Today is Jake The Door Guy's birthday. I sent him a text last night at like 3:30am (since I'm a raging insomniac!) and he wrote back a thank you this morning at like 6:15.
Also, Friend Boy texted me a whopping three times today!! That's a record. I'll paste.
FB: What's goin on? How was ur day?
Me: Just finished watching a movie. My day was relaxing. How bout you?
FB: Pretty eventful. Lunch, school, haircut, grocery, workout, and am now getting chicken noodle soup. Woo hoo!
Melissa said not to respond, since he didn't ask a question, and he'd be sure to text me back. (I was on the phone with her when he was writing me.) Sure enough! I got another text 7 minutes later.
FB: Asked for extra everything on the soup and they came back with an exploding bowl of deliciousness! Yes!
He's such a dork. Lol. On Sunday, we went and ate at this deli, and he kept on raving about their chicken noodle soup. But when it came, he said it didn't have enough noodles. Again, I didn't respond. I'm just gonna play it cool for a while. Perhaps we'll switch roles for once.
And as for all the comments, I just wanna set a few things straight in a very nondefensive, nonconfrontational way. Not starting anything, just stating for the record.
1. I don not think I am "hot shit" by any means. I mean, judging by what people have told me, I would say that I'm better looking than "most" people, but I do not think I am flawless whatsoever. I'm just confident with who I am. I've been told I look like Terri Hatcher, and Jessica Beal in the face. As for my body, I'm tall and slim, but not thin. I would say my body is most like Katherine Heigl's. And I'm working to get some better tone for the summer. I also do not discount any girl for shooting for the stars. It's the way Charlotte literally throws herself at guys that disgusts me. I don't think I'm better than anyone, because who am I to judge who a person is on the inside?? All I can see is what is on the outside at a first glance. And I did apologize for my fat girl comment. I know I crossed the line on that one, I just got a little carried away in my venting.

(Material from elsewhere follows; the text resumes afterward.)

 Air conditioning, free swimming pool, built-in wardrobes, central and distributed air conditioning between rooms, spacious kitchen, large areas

2. I am not promiscuous, nor do I have a reputation for being so, nor am I anyone's call girl. Especially not Friend Boy's. Friend Boy has only slept with 1 or 2 other people, and he's not just looking for a piece of ass. I know we moved too fast physically, but hey, that was my call to make, and I don't regret it. I definitely will not do that with Jake The Door Guy, if it ever even comes to that.
3. I don't want any of you to think that I feel I'm superior to anyone else, or that I think I'm perfect, or that I'm shallow, or conceited. I have a multi-faceted personality. Sometimes the ugly in me comes out in my blogs, because I choose not to reveal that side of myself in person. We are all guilty of thinking mean thoughts. I just use this blog as a way to channel those thoughts...to get them off my chest. And usually, after I see them in writing, I realize how dumb they are. (i.e. the fat comment)

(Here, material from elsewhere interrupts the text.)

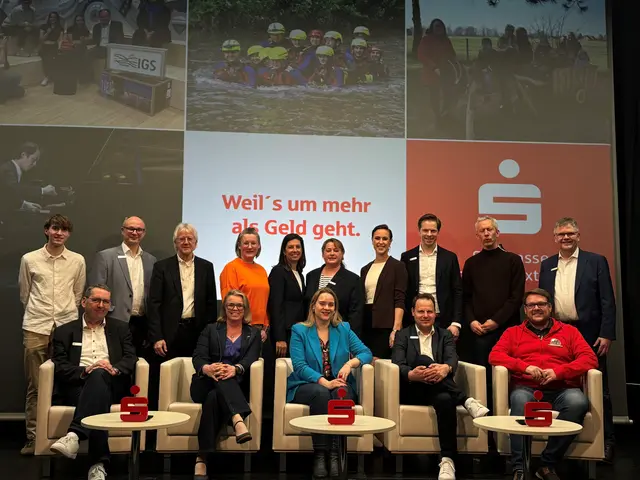 Abschluss-Gruppenfoto: Sie sorgten für einen informativen und unterhaltsamen Jahresempfang Fördermanagement | Foto: SHB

So basically...I'm about to reach 100 posts. Should I stop blogging? Am I doing more harm than good? I don't want this to be a medium where I feel guilty for the things I write. They're just my thoughts poured out on paper. Well not paper, but you know what I mean.
Demetri Of The Day:
“Swimming is a confusing sport, because sometimes you do it for fun, and other times you do it to not die. And when I’m swimming, sometimes I’m not sure which one it is. I gotta go by the outfit. Pants - uh oh. Bathing suit - okay. Naked - we’ll see. Should I be swimming faster, or am I getting laid?”